Construction workers? We’ve lost pride in our infrastructure. Let’s put our crews back to work.

Book publishers? Book publishers? What’s that doing on my teleprompter?

The book industry is too small, too elite, too New York, and of too little economic consequence to the world at large to be referenced in a presidential speech designed to show economic daylight to millions.

Pity that publishing is too small for the world stage, because what’s happened to the book business is an allegory worthy of sociological consideration when assessing what’s happened to us all.

Seduced by the big and synthetically bulked up shoulders of the book chain stores, publishers simply fed the monster, kicking out endless streams of fast food reads—vampire soap operas, chick-a-lits, tomes by Meyer and Grisham (and their lessers), terrorist potboilers, booze drenched memoirs, jingoistic prose packaged as motivational wisdom and theories on the best ways to make and protect your money—all simply messaged and on display for the mall wandering public.

Hooked on junk, blinded by the easy high, the publishers and the chain stores never saw it coming; never saw that there’d be a misguided war, that the financial bottom would drop, that consumers would begin to hold their cash tight, and then really tight, and then so tight that the notion of spending 27 or so smacks for a hardcover book with the literary value of a Waffle House placemat would finally hit them as perverse.

The publishers also didn’t see, not soon enough anyway, that there’d be a Kindle and an iPad and a Nook and a Michele Bachmann and an earthquake on the east coast, and that things would never quite be what they were.

Consequently, book publishing, like so many once going concerns, is adrift, in a canoe without a paddle.
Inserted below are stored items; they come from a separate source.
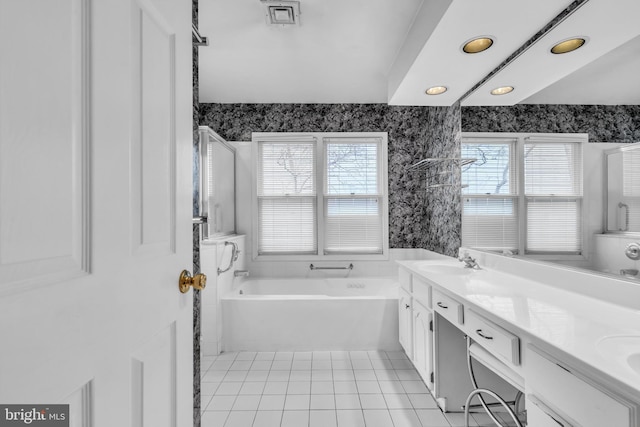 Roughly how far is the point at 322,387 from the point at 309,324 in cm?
70

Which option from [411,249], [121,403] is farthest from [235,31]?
[411,249]

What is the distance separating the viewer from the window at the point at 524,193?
1675mm

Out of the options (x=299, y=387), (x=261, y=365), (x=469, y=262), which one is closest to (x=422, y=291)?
(x=469, y=262)

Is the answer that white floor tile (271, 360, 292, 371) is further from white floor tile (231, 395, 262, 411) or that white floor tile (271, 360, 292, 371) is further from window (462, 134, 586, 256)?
window (462, 134, 586, 256)

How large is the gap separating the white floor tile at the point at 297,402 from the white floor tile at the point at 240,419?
0.72 feet

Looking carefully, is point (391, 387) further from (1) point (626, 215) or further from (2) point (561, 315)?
(1) point (626, 215)

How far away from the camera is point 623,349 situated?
96 centimetres

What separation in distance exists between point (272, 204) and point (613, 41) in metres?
3.16

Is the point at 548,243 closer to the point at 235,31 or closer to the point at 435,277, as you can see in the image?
the point at 435,277

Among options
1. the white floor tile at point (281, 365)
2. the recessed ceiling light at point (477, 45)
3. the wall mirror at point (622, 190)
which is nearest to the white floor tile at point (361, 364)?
the white floor tile at point (281, 365)

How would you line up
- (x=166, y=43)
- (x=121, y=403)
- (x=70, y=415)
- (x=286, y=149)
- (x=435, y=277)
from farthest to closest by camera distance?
(x=286, y=149) → (x=435, y=277) → (x=166, y=43) → (x=121, y=403) → (x=70, y=415)

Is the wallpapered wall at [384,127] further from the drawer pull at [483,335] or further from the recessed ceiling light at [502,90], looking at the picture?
the drawer pull at [483,335]

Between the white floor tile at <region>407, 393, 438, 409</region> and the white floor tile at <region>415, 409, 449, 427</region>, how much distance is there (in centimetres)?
4

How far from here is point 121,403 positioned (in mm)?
623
Anything could happen, but here’s the good part: there are indications that what comes next might just be the very best thing. Little to lose, why not go with literary excellence?

This very week, for example, three books debuted, books with style and substance, and in the case of the two works of fiction, debut novels both, real literary gold. Alone they could return honor and respect to the battered book-publishing world.

There’s The Art of Fielding, by Chad Harbach, a baseball book in the same way Malamud’s The Natural, and Kinsella’s Shoeless Joe, and Mark Harris’ Bang the Drum Slowly is a baseball book. Baseball is the device that pulls us through—in Harbach’s story, life changes for many because of a single error. “[There are] intimations of the delicate balance between individual will and destiny that play out on the field…“ suggested the NYT in a recent glowing review.

Then there’s We The Animals, Justin Torres’ sparse novel, a thinly disguised memoir, narrated by the youngest of three sons born to a Puerto Rican father and white mother from Brooklyn who now live in upstate New York. It is a book filled with vicious and ferocious vignettes that take place inside the home, telling moments all, yet miniature in scope and devoid of simple judgments. The family breaks and heals again and again, but the writing is so fine, and the point of view so fresh, that we’re willing to live through the cycle with our narrator again and again.

Finally, Save the Last Dance for Satan, by Nick Tosches, is a tough and highly focused look at the pioneering days of rock and roll when individual gangsters and hustlers ran the show. These endangered stories make for far more stimulating reading than anything we could read about the corporate gangsters and hustlers that run the music biz today.

Three great reads, none predictable, none pigeonholed by genre, all available in the few chain bookstores that still exist. All three offer hope to an industry looking to rewrite its sins of the past.